The string "High" may appear in lines of the data; report how many lines contain it, with no other output.
--- DATASET EXTRACT Enclosed Below ---
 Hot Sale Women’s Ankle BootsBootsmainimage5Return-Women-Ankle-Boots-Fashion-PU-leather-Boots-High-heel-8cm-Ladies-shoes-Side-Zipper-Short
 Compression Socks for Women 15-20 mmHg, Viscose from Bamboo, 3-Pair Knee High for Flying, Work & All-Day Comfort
--- End of Enclosed DATASET EXTRACT ---
--- DATASET EXTRACT Enclosed Below ---
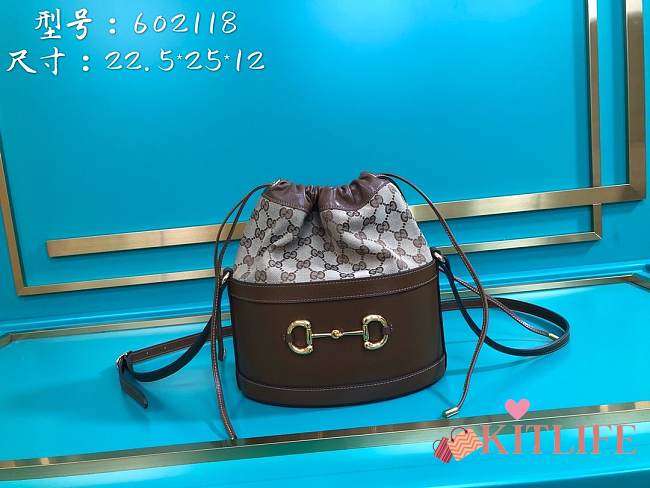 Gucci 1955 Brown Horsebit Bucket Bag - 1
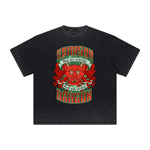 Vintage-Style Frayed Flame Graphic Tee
--- End of Enclosed DATASET EXTRACT ---
--- DATASET EXTRACT Enclosed Below ---
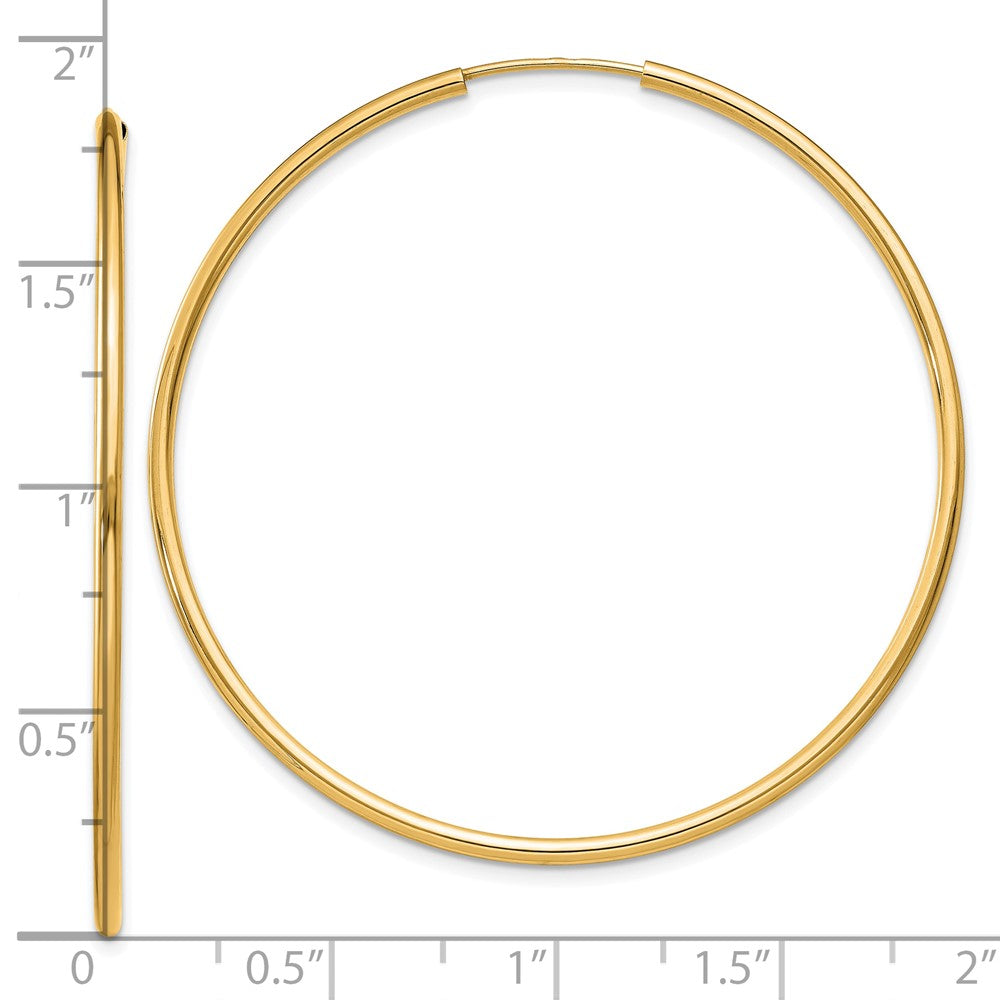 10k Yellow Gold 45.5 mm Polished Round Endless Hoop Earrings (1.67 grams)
--- End of Enclosed DATASET EXTRACT ---
:: RESULT OF THE EXERCISE ::
2